■ What this task involves ■
Please output exactly the lines from the one containing "Staub Enameled Cast" through the end of the records below, leaving out any pictures.

(Beginning of Records to use)

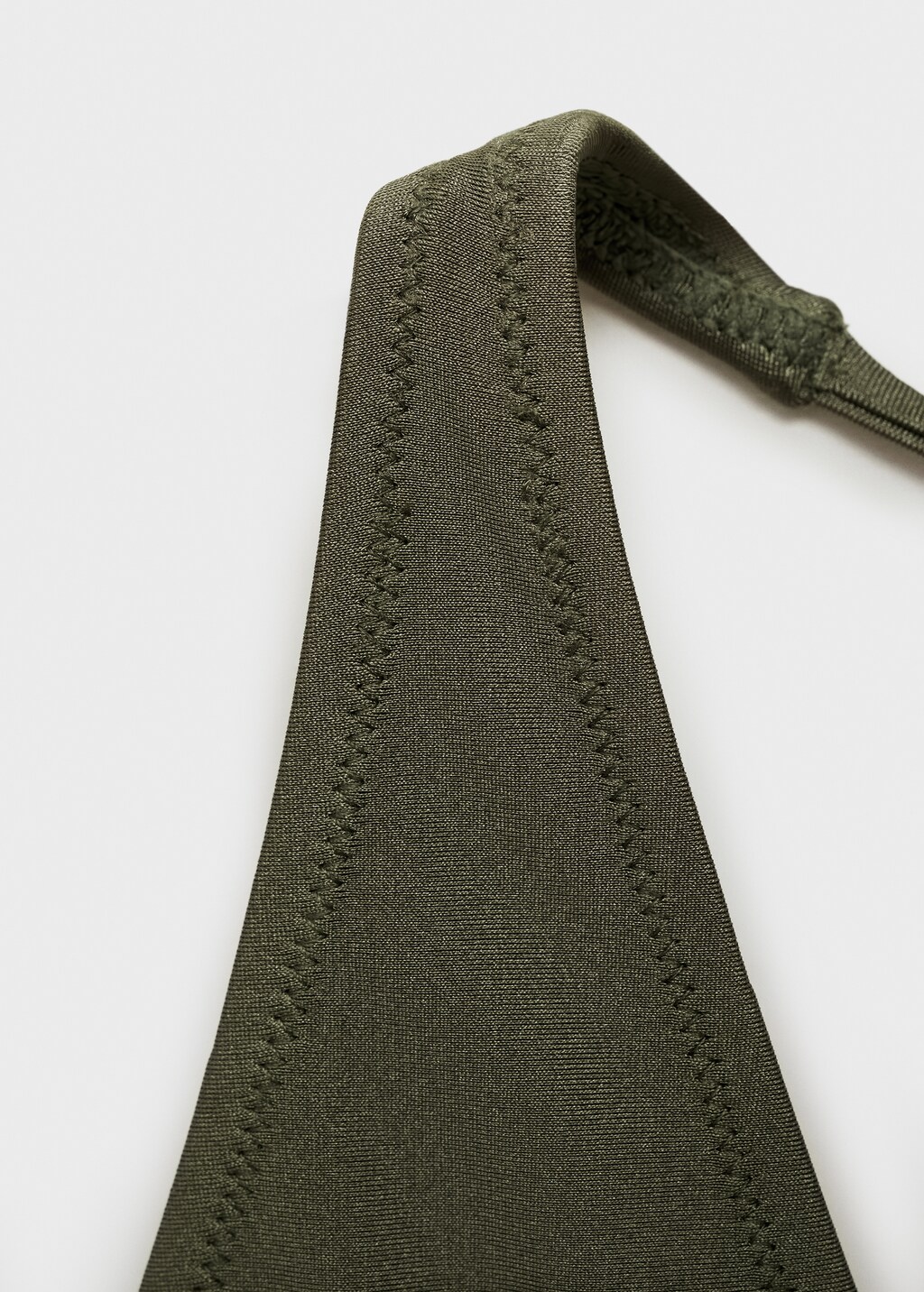 Swimsuit with back straps - Khaki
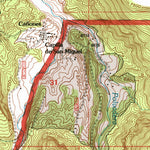 United States Geological Survey Canones, NM (1995, 24000-Scale) digital map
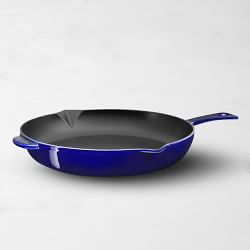 Staub Enameled Cast Iron Fry Pan, 12", Sapphire Blue
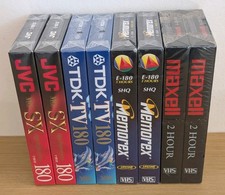 Vhs blank tapes - bundle, 8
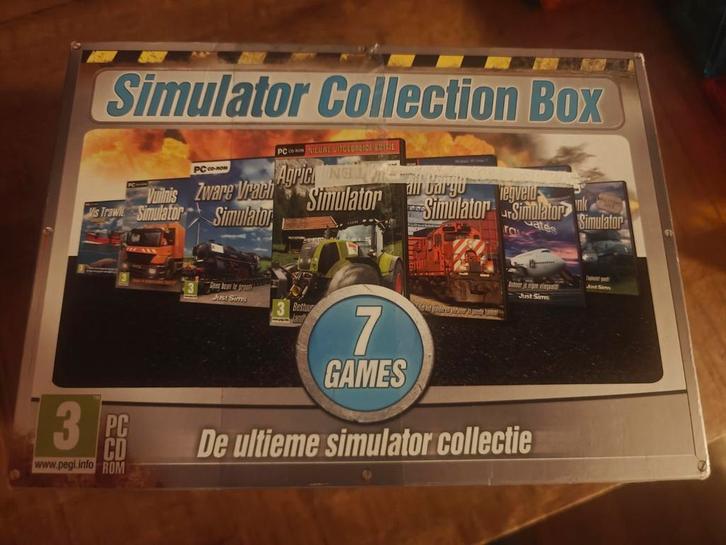 Simulator Collection Box - PC Games, Spelcomputers en Games, Games | Pc, Zo goed als nieuw, Simulatie, 1 speler, Vanaf 3 jaar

(End of Records to use)

■ Result of the exercise ■
 Staub Enameled Cast Iron Fry Pan, 12", Sapphire Blue
 Vhs blank tapes - bundle, 8
 Simulator Collection Box - PC Games, Spelcomputers en Games, Games | Pc, Zo goed als nieuw, Simulatie, 1 speler, Vanaf 3 jaar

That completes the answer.